» Your task: Output all of the lines below exactly, and leave out each image.

*** Source data ***

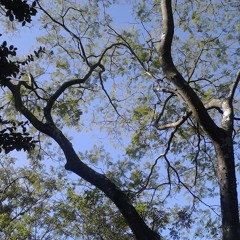 Khalil Menegolo - Então O Samba Reinará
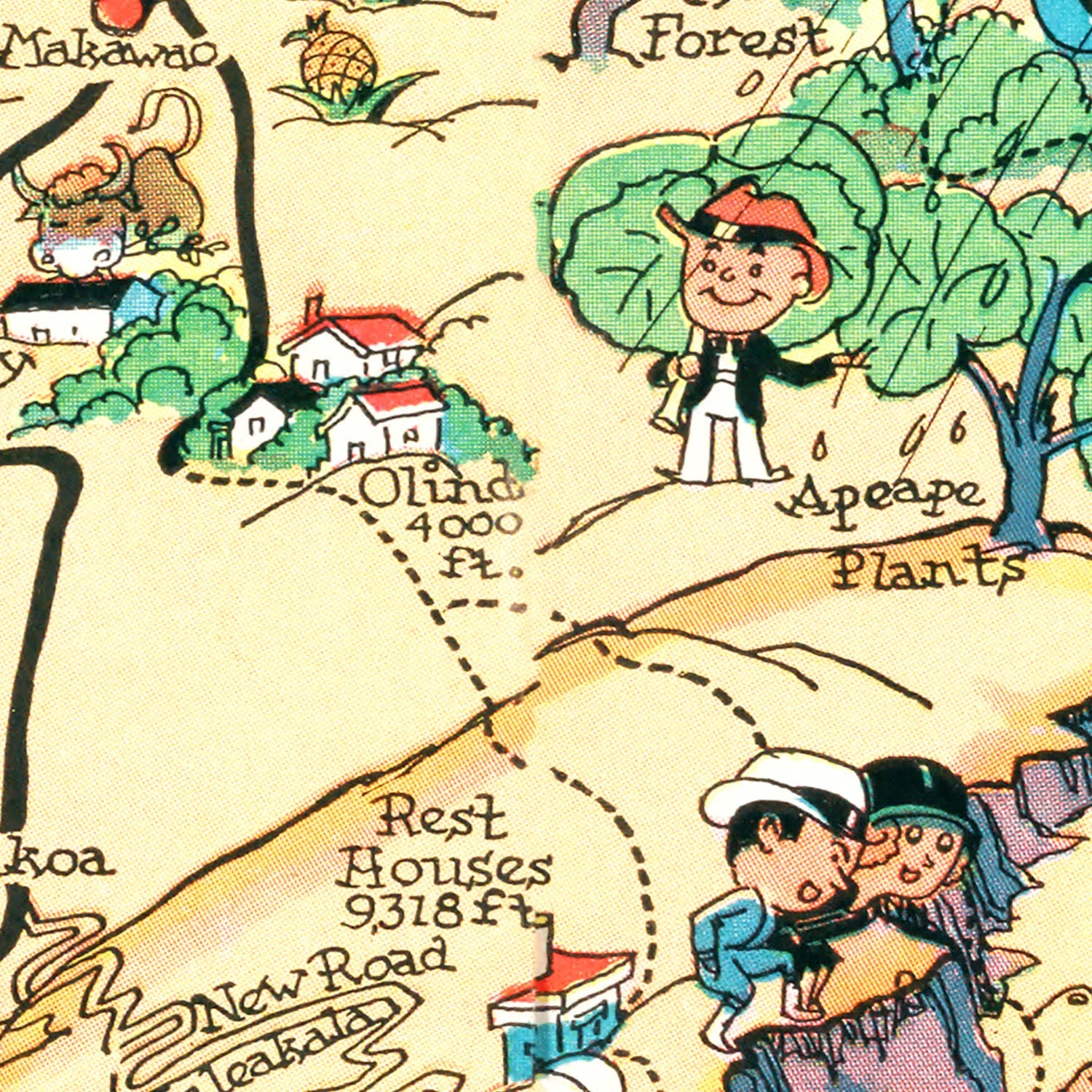 Vintage Map of Maui, 1935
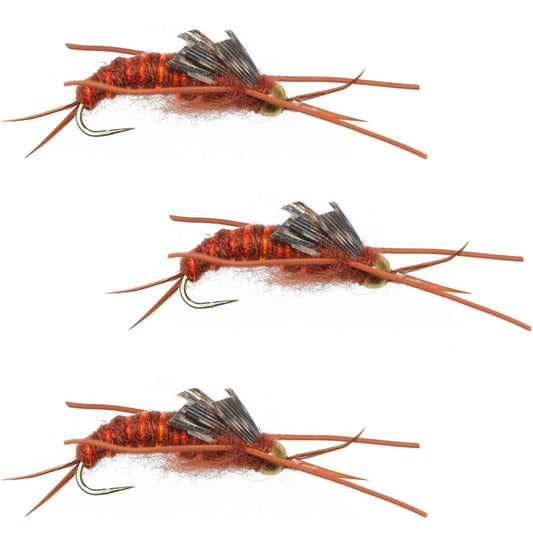 3 Pack Barbless Gold Bead Kaufmann's Brown Stone Fly with Rubber Legs - Stonefly Wet Fly - Hook Size 8 - Skoutley Outdoors LLC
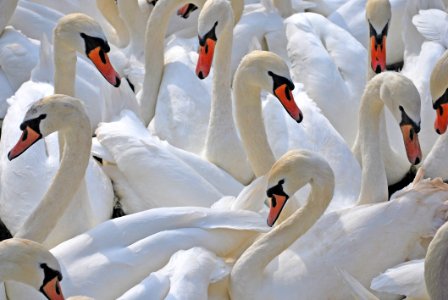 Swan Water Bird Bird Ducks Geese And Swans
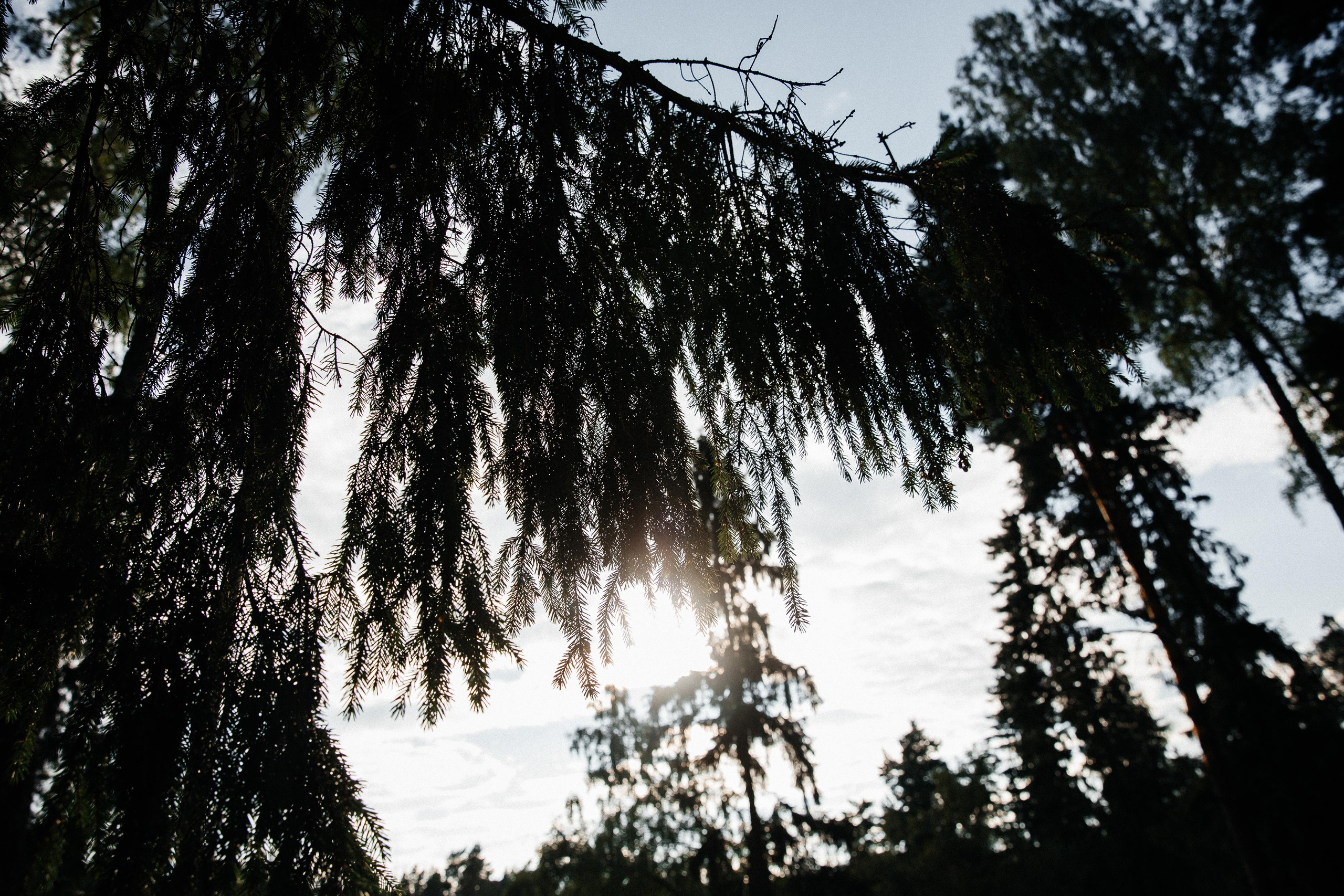 Forest, wedding, rock’n'roll. Свадебный и репортажный фотограф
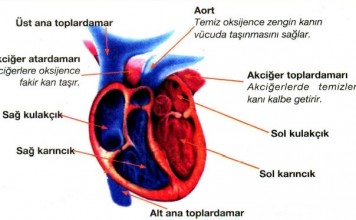 Kalbin Bölümlerinin Görevleri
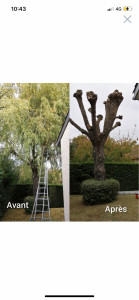 Photo de galerie - Elagage et coupe d'arbres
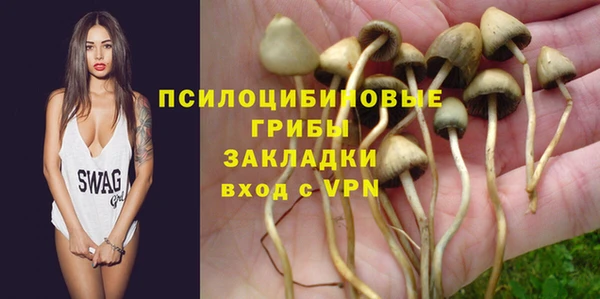 марки nbome Гусиноозёрск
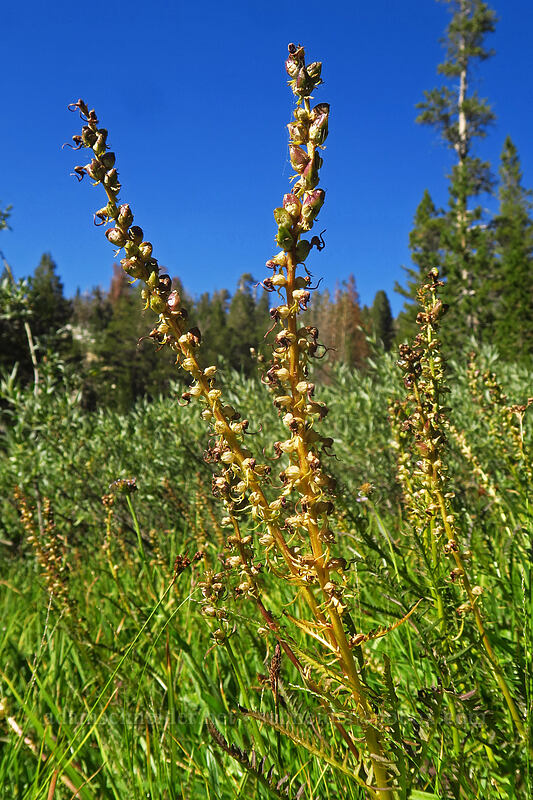little elephant's-head lousewort, going to seed (Pedicularis attollens) [Tahoe Meadow, Humboldt-Toiyabe National Forest, Washoe County, Nevada]
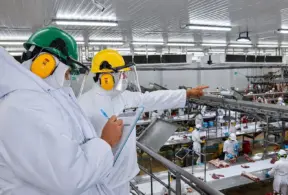 SIF: Profissionais em linha de produção com capacetes e roupas de proteção em uma indústria de alimentos, realizando inspeção e verificações em bancada com alimentos. Ambiente industrial amplo e organizado.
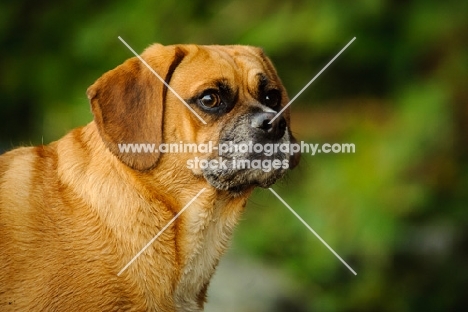 Puggle head study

*** End of Source data ***

» Expected output:
 Khalil Menegolo - Então O Samba Reinará
 Vintage Map of Maui, 1935
 3 Pack Barbless Gold Bead Kaufmann's Brown Stone Fly with Rubber Legs - Stonefly Wet Fly - Hook Size 8 - Skoutley Outdoors LLC
 Swan Water Bird Bird Ducks Geese And Swans
 Forest, wedding, rock’n'roll. Свадебный и репортажный фотограф
 Kalbin Bölümlerinin Görevleri
 Photo de galerie - Elagage et coupe d'arbres
 марки nbome Гусиноозёрск
little elephant's-head lousewort, going to seed (Pedicularis attollens) [Tahoe Meadow, Humboldt-Toiyabe National Forest, Washoe County, Nevada]
 SIF: Profissionais em linha de produção com capacetes e roupas de proteção em uma indústria de alimentos, realizando inspeção e verificações em bancada com alimentos. Ambiente industrial amplo e organizado.
 Puggle head study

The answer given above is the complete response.